Management and governance
The general partner is responsible for the management and representation of the SCSp. Limited partners may not participate in the management of the partnership; any involvement in management activities may result in the loss of their limited liability status. However, limited partners may exercise certain supervisory, advisory, and consent rights without jeopardising their limited liability, provided these rights do not extend to day-to-day management.
Tax treatment
The SCSp is, in principle, treated as fiscally transparent for Luxembourg direct tax purposes, meaning that the partnership itself is not subject to corporate income tax or municipal business tax. Instead, income and gains are attributed to the partners and taxed at their level according to their respective tax status and residence. This transparency makes the SCSp particularly attractive for international investors seeking to avoid double taxation and to benefit from tax treaties applicable in their home jurisdictions.
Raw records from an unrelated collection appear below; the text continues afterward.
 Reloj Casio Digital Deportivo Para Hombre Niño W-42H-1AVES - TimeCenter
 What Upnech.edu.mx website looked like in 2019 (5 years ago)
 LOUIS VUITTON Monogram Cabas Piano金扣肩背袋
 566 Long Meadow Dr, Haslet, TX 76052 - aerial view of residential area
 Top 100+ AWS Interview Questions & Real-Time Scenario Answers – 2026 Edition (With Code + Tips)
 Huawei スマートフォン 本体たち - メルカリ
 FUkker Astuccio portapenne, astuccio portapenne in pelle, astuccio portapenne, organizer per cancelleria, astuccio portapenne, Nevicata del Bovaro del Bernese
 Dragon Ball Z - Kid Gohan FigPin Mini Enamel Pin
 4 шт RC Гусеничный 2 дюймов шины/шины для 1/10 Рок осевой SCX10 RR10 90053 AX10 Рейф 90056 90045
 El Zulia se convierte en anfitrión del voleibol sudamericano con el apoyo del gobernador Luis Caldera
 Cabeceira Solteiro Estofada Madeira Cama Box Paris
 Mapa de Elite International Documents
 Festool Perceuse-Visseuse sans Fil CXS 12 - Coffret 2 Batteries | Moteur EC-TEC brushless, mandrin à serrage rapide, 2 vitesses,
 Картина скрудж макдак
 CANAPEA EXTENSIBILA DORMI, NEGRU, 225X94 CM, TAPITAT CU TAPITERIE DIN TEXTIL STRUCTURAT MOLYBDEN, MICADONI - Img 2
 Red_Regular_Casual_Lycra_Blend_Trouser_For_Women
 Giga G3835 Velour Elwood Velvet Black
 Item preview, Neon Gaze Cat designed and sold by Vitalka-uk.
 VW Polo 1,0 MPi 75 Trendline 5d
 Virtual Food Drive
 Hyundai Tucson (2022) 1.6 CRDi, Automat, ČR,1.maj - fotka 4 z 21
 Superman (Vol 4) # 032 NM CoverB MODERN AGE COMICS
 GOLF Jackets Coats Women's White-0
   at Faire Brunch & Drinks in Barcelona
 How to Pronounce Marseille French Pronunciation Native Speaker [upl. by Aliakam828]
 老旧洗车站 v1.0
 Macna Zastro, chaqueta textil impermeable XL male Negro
The SCSp is also generally treated as a partnership (rather than a corporation) for the purposes of the tax laws of most other jurisdictions, though investors should confirm the treatment in their home jurisdiction on a case-by-case basis.
Structuring outside the scope of AIFMD
A key consideration when establishing an SCSp is whether the structure falls within the scope of the Alternative Investment Fund Managers Directive (AIFMD). If an SCSp qualifies as an alternative investment fund (AIF) under AIFMD, its manager (AIFM) must either be authorised by the CSSF or register under the partial exemption.
The core test - AIFMD applies to collective investment undertakings that (1) raise capital from multiple investors, (2) invest according to a defined investment policy, and (3) do so for the benefit of those investors. Structures that fail any limb of this test fall outside AIFMD entirely.
De Minimis thresholds - even if the SCSp qualifies as an AIF, its manager (GP) may escape full authorisation if assets under management stay below EUR 100 million (with leverage) or EUR 500 million (no leverage, no redemption rights for five years). Registration with the CSSF is still required, but not full authorisation.
Why legal advice is essential - the availability of these carve-outs is highly fact-specific. Get it wrong, and the consequences are serious: enforcement action, reputational damage, and potential liability for the general partner. Legal advice should be obtained at the outset to assess AIFMD scope, identify the appropriate carve-out, and ensure the partnership agreement supports the intended regulatory position. Ongoing monitoring is also critical: changes to investors, strategy, or AUM may alter the analysis.
Practical Considerations
While the SCSp offers considerable advantages, certain practical considerations should be borne in mind when establishing and operating the structure.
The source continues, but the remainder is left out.